In the case of office space, our research has shown that tenants prefer modern and sustainable buildings, and that the “right” office space is an increasingly valuable tool in the war for the best talent. Attracting this talent can also bring a powerful multiplier effect to a local economy, radiating outward.
To address the UK’s chronic housing crisis, a clear priority should be given to investment in high-quality, energy-efficient, affordable homes. These homes should be in accessible locations that do not require residents to rely on private vehicle access.
The traditional bricks and mortar high street remains challenged, as retail relies less on shelf space and more on a balance of e-commerce, efficient logistics and warehousing. Creating town centres that combine retail, housing, healthcare, community spaces and improved public realm can create a positive spiral and attract greater prosperity to a city or region.
Increased employment through mixed-use schemes or the provision of workspaces in the private sector, with discounted or zero rent for start-ups, would also support enhanced local economies which, ultimately will lead to longer-term, sustainable income from the asset base. As the economic outlook in these regions improves, a wider variety and volume of high-quality tenants will be attracted which in turn will drive rents, boost liquidity and stimulate institutional demand for investment property to deliver positive financial returns for investors too.
Viewing an investment as a living, breathing part of a city is critical for the success of place-based impact investing. Investors should collaborate with local councils, local government pension schemes, businesses, third-sector organisations and crucially, communities. Indeed, responding to identified local needs and priorities associated with a specific place is a critical requirement to enhance local economic resilience and prosperity.
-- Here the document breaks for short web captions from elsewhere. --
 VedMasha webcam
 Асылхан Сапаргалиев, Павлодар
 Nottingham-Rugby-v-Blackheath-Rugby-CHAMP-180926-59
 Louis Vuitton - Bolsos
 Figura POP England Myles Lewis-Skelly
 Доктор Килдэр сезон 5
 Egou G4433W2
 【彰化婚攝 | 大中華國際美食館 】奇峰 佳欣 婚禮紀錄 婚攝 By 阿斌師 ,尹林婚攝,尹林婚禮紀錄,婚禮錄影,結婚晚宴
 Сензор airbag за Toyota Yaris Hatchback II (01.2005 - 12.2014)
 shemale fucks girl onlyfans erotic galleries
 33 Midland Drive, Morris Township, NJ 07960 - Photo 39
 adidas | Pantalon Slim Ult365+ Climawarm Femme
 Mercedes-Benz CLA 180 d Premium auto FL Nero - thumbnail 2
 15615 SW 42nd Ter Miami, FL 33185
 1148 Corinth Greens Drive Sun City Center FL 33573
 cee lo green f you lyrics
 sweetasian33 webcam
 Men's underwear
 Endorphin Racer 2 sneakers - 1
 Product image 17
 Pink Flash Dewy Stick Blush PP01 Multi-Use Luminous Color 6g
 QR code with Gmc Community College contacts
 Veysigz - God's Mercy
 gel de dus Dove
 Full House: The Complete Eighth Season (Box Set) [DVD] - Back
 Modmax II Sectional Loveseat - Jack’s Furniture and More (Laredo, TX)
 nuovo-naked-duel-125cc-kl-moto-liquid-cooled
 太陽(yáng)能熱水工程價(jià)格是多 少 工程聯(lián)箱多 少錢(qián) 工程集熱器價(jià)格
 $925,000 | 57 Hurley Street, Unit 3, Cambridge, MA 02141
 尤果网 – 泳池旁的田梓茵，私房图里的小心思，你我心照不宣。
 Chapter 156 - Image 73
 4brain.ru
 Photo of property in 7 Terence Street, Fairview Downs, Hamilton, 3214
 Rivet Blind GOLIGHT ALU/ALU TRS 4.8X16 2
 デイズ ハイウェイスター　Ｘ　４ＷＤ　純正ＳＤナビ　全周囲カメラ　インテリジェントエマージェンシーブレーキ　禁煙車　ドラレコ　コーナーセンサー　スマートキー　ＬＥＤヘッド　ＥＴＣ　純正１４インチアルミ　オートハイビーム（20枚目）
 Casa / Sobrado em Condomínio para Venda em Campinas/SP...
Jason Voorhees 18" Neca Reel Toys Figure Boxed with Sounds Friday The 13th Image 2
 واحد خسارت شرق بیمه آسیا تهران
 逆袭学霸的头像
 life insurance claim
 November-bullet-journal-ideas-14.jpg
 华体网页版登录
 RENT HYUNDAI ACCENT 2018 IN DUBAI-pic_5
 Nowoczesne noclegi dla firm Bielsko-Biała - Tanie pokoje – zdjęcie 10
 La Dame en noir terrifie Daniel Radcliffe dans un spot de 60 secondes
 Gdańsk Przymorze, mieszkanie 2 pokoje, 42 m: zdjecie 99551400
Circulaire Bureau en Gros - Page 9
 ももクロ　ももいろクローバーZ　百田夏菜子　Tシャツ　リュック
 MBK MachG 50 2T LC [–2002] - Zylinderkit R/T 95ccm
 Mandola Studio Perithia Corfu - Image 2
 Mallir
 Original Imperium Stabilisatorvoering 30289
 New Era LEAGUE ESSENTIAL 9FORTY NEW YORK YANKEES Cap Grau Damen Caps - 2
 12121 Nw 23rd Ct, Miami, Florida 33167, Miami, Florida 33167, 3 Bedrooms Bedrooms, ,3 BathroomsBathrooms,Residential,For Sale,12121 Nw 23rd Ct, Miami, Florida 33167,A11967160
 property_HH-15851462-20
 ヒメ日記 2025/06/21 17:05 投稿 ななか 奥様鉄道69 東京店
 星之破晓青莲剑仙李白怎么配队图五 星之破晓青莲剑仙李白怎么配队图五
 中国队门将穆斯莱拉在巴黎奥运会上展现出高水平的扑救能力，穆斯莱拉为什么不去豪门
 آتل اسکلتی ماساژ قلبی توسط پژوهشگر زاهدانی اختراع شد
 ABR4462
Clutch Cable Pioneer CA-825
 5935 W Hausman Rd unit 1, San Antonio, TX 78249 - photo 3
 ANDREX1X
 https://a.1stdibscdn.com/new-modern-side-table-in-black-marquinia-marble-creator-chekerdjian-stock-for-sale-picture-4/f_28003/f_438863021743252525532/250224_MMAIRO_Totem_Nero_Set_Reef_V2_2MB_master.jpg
Regeneration and other real estate solutions must respond to the needs of local communities rather than force schemes upon them.
Place-Based Impact Investing sounds very worthy – but as institutional capital has historically focussed on data as a measurement of success, how does this translate to impact strategies?
It is critical for investment managers to be able to measure the contribution that has been created through their investments. For us, additionality is key – we want to deliver opportunities that would not have otherwise happened. We screen assets using a proprietary “impact scorecard” which sets ten geospatial data and property-led tests which seek to capture the level of impact created through investment.
Each asset will have clearly defined targets to be achieved throughout its asset management strategy. It might be square meterage of affordable workplaces or community spaces, number of apprenticeships supported, number of families accommodated in affordable housing or long-term NHS beds freed up. These metrics will vary depending on the property type but progress against specific metrics will be assessed and reported an annual basis by an external specialist consultant.
Through the key factors of ‘intent, contribution and measurement’, the positive social and environmental impact delivered has the greatest breadth and longevity. Collaboration in the public and private sectors combined with close engagement with communities and local charities should support the mobilisation of institutional capital into place-based impact investing. Ultimately this should drive positive social and sustainability outcomes for individuals and families and all other stakeholders in the UK’s most deprived areas.